A drama centered on three people — a blue-collar American, a French journalist and a London school boy — who are touched by death in different ways. Staring Matt Damon and Cecile De France
Hereafter, being the 34th film directed by Clint Eastwood, Has already received high expectations. Clint Eastwood’s moving portrayals of human emotion have excelled him into fame as a 5 star director and not just a fantastic actor. It is then disappointing that Hereafter fails to live up to my expectations based on his body of work.
The film’s beginning is promising, I give extra points to a movie that is dispersed amongst different parts of the world and is spoken in the dialect of that country. You are misled to believe that a major theme in the movie is the aftermath of a catastrophic natural disaster but the disaster itself is only the catalyst which enables the story to grow and is never really mentioned again, it is interesting to see something so dramatic being treated so trivially. The effects in that one scene are also very impressive but there’re only two instances of special effects and they are downplayed on purpose.

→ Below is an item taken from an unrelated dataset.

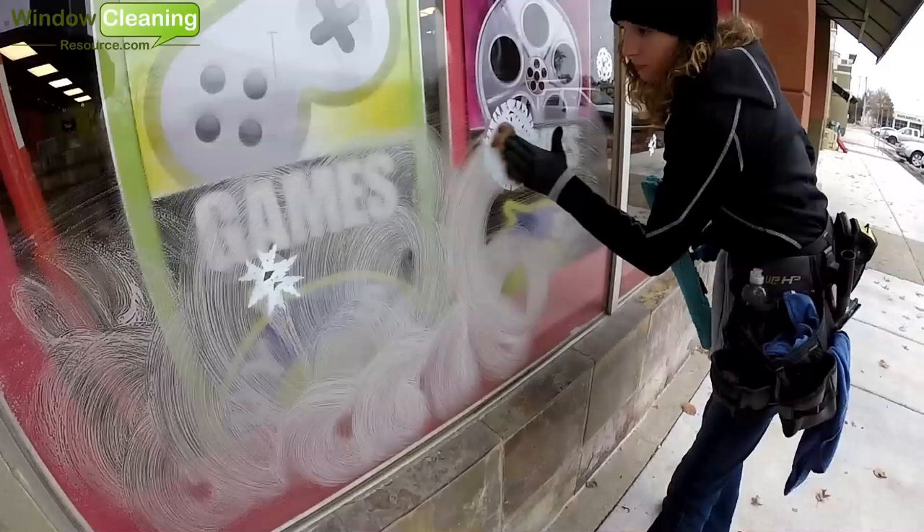Stay tuned for more How to Clean Windows with Luke the Window Cleaner. I'm Alex from windowcleaner.com and Window Cleaning Resource. If you like this video or the tools featured in it, be sure to check out windowcleaner.com/shop for more information, or give us a call at 862-266-0677. We were actually window cleaners before we started selling all this stuff, so we can make really awesome recommendations and help you narrow down the perfect tools and equipment just for you. For even more information, check out windowcleaner.com/community. Thanks.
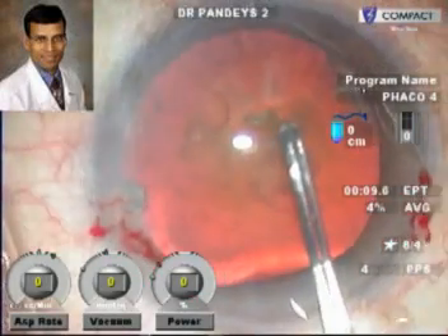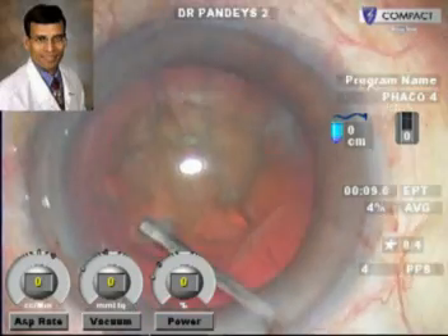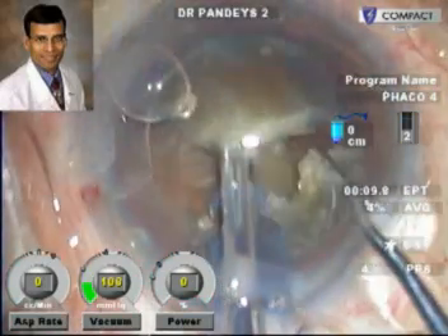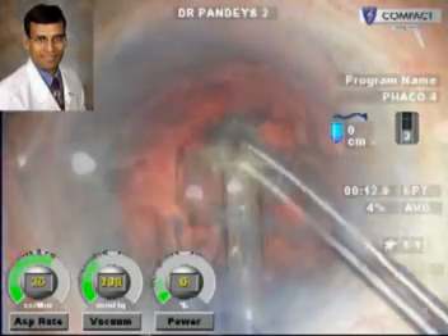This is the standard capsular excess being done followed by the hydro steps. This is the phacoemulsification. The nucleus here is moderately hard.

Another perplexing thing about this film is the lighting; the scene that introduces Matt Damon’s character is cast almost completely in shadow, whilst this could serve as an obvious metaphor it only really serves to alienate me from what is happening and what I’m supposed to be looking at. Focus is an important aspect of a dramatic movie especially when not all the information is available to us yet; I believe I missed parts of the story due to this annoyance. Another fact about the lighting is if you pay attention to many dramas they are almost always filtered in a grey or blue tinge, this makes the movie seem dull and washed out, although I am aware that the subject matter is solemn it can also make the movie seem to lag.

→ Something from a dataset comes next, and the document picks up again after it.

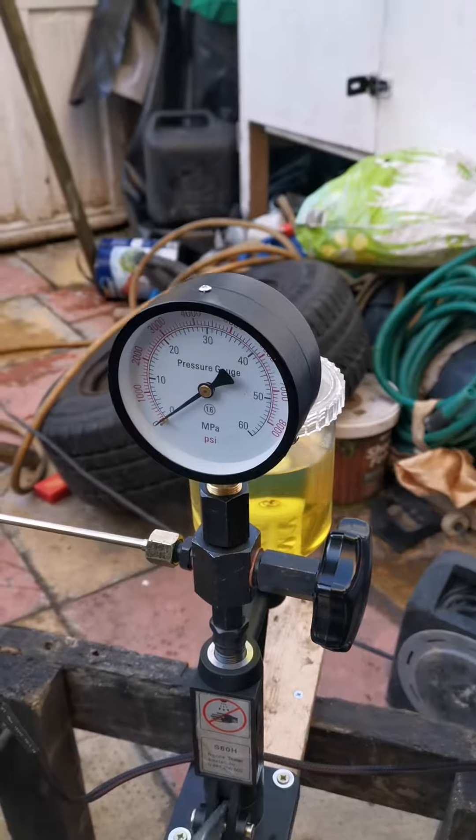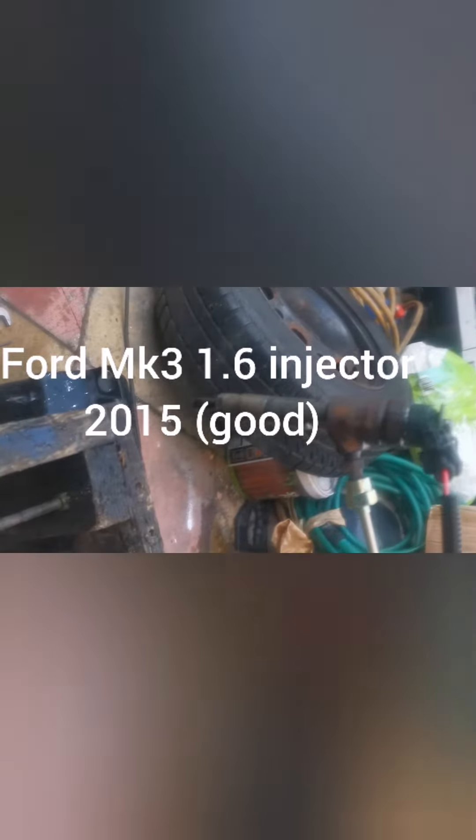It doesn't show at the moment. We're using this to test the injectors, and as we build up the pressure you can actually see it — that's how the injectors are working. The pump gives the pressure to the injector and the system gives the signal to the injectors so the injectors are working.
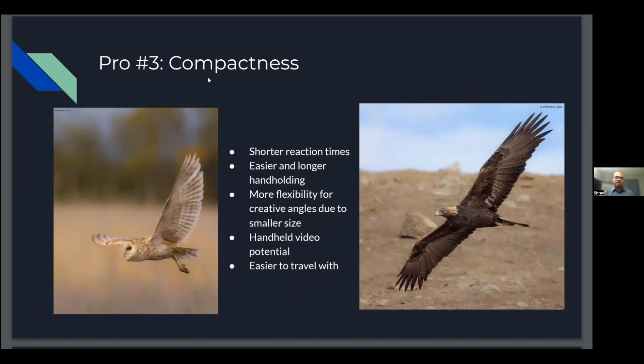The third pro is compactness. The key is shorter reaction times — sometimes when photographing birds in flight like barn owls or golden eagles, I have milliseconds to react. With a bigger, bulkier lens I'm not able to get the lens up and find the subject in the viewfinder as fast. With zooms, it's pretty quick. I'm 80-90% a handheld photographer — I enjoy that more and am able to react in times that allow me to capture behavior: birds in flight, birds feeding, nesting. Photography for me has evolved to capturing something beyond just standard portraits.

The themes were relatively simple in Hereafter. Three different perspectives of death and three different directions taken to come to terms with their own grief. The grief of the loss of a loved one, the grief of the loss of your own identity and the grief of being alone. The writer chose to base the plot on fact and science juxtaposed with faith and spirituality, which was an interesting idea, but he could have chosen to leave out chance and coincidence for the sake of a believable narrative, where there are too many opposing ideas credibility gets left behind. The three stories joining at the end formula has been done too often and doesn’t suit the themes expressed in Hereafter. I would have much preferred to see the characters solve their problems individually; spirituality is such a personal journey.

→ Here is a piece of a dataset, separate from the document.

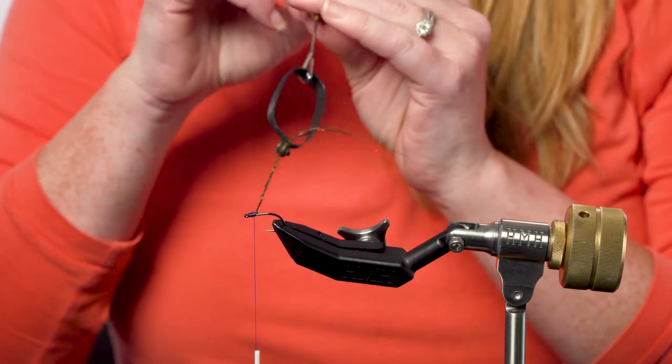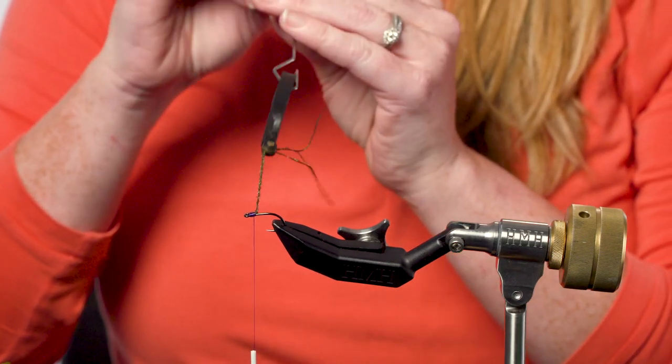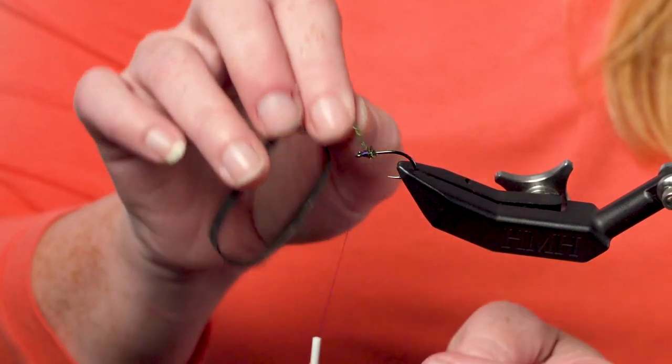Once this is nice and tightly wound up, it's going to create this perfect little peacock hurl brush that I can then take and wrap the shank of my hook as needed, and it creates a perfect beautiful final result. Thanks for watching Rio's fly tying tip.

Clint Eastwood however, through his directorial talent, portrays a sense of spirituality within the film without alienating the audience with powerful imagery and religious dogma. The main problem with the film is that it is not evenly paced which in my belief is the most important devise for a dramatic film. A film begins feeling slow when the pace becomes uneven and any interesting story developments become forgotten. Drama is not a slow genre, they aren’t action packed or suspenseful but if they are done well they can hold your interest through the portrayal of the characters and their interactions. Matt Damon, whose story was the most interesting, was so natural in his alienation and is the best thing about the film. There was just not enough time given to elaborate specifically, given all the other themes going on at the same time. Individually the stories would have worked better.
There is no room for interpretation in this film, it tells you what to believe but I feel that the intent was to make you think about the possibilities of the afterlife. It is not a film I felt for as personally as Gran Torino (2008) but maybe someone who can relate to the subject may feel differently.